Department of Biostatistics and Bioinformatics, Duke University Medical Center, Durham, North Carolina, USA.
Health Serv Res Manag Epidemiol. 2023 Mar 27;10:23333928231154336. doi: 10.1177/23333928231154336. eCollection 2023 Jan-Dec.
Few models exist that incorporate measures from an array of individual characteristics to predict the risk of COVID-19 infection in the general population. The aim was to develop a prognostic model for COVID-19 using readily obtainable clinical variables.
Over 74 weeks surveys were periodically administered to a cohort of 1381 participants previously uninfected with COVID-19 (June 2020 to December 2021). Candidate predictors of incident infection during follow-up included demographics, living situation, financial status, physical activity, health conditions, flu vaccination history, COVID-19 vaccine intention, work/employment status, and use of COVID-19 mitigation behaviors. The final logistic regression model was created using a penalized regression method known as the least absolute shrinkage and selection operator. Model performance was assessed by discrimination and calibration. Internal validation was performed via bootstrapping, and results were adjusted for overoptimism.
Of the 1381 participants, 154 (11.2%) had an incident COVID-19 infection during the follow-up period. The final model included six variables: health insurance, race, household size, and the frequency of practicing three mitigation behavior (working at home, avoiding high-risk situations, and using facemasks). The c-statistic of the final model was 0.631 (0.617 after bootstrapped optimism-correction). A calibration plot suggested that with this sample the model shows modest concordance with incident infection at the lowest risk.
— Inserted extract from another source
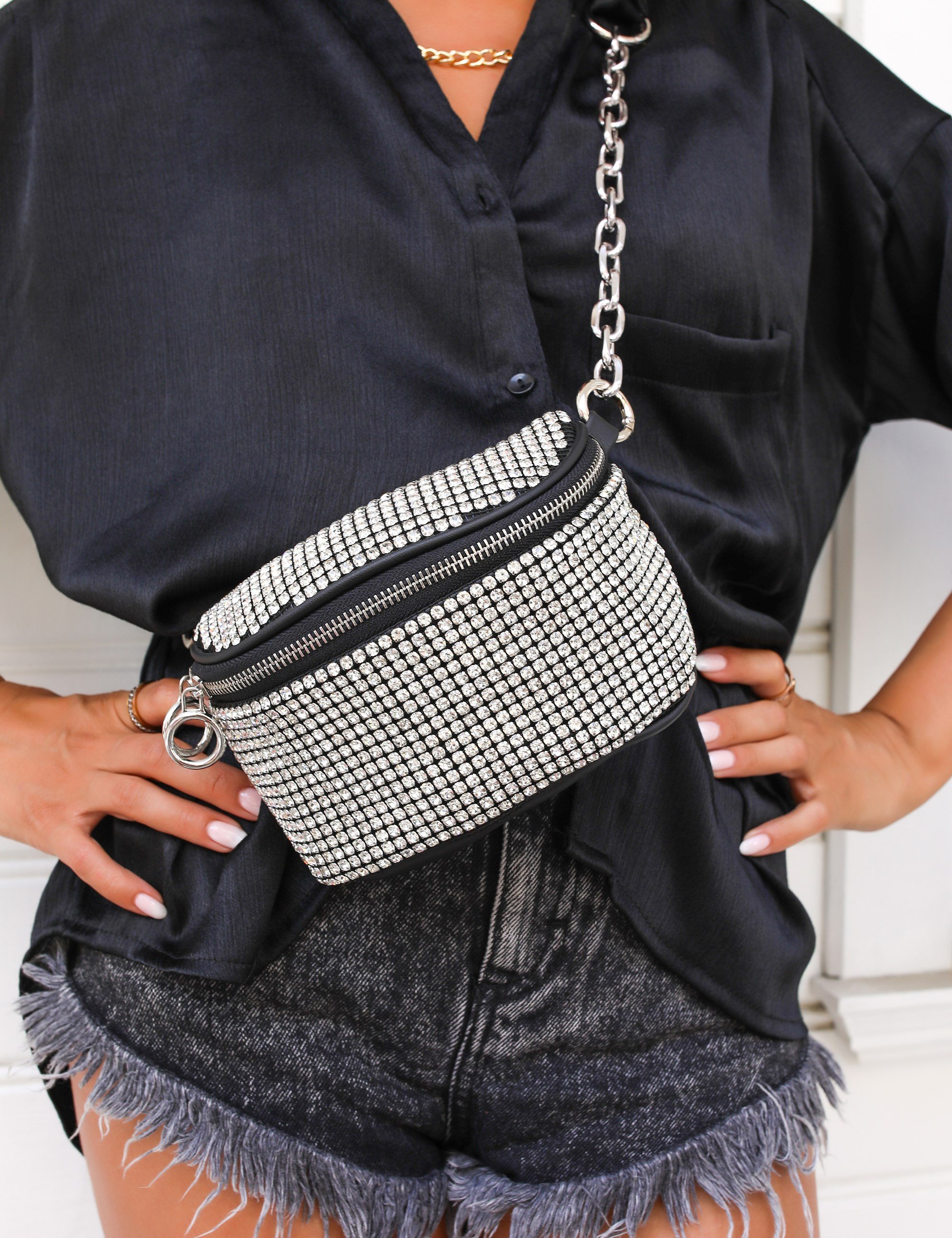 Mina Kristal Taşlı Çanya - Bags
This prognostic model can help identify which community-dwelling older adults are at the highest risk for incident COVID-19 infection and may inform medical provider counseling of their patients about the risk of incident COVID-19 infection.
很少有模型能够综合一系列个体特征指标来预测普通人群感染新冠病毒的风险。本研究旨在利用易于获取的临床变量开发一种针对新冠病毒病的预后模型。
在74周的时间里,对1381名既往未感染新冠病毒的参与者(2020年6月至2021年12月)进行了定期调查。随访期间感染事件的候选预测因素包括人口统计学特征、生活状况、财务状况、身体活动、健康状况、流感疫苗接种史、新冠病毒疫苗接种意愿、工作/就业状况以及新冠病毒缓解措施的使用情况。最终的逻辑回归模型采用一种名为最小绝对收缩和选择算子的惩罚回归方法构建。通过区分度和校准来评估模型性能。通过自抽样法进行内部验证,并对结果进行过度乐观调整。
在1381名参与者中,154人(11.2%)在随访期间发生了新冠病毒感染。最终模型纳入了六个变量:医疗保险、种族、家庭规模以及三种缓解措施(在家工作、避免高风险情况和佩戴口罩)的实施频率。最终模型的c统计量为0.631(经自抽样法乐观校正后为0.617)。校准图显示,在该样本中,模型在最低风险水平下与感染事件的一致性一般。
该预后模型有助于识别哪些社区居住的老年人感染新冠病毒的风险最高,并可为医疗服务提供者为其患者提供关于感染新冠病毒风险的咨询提供参考。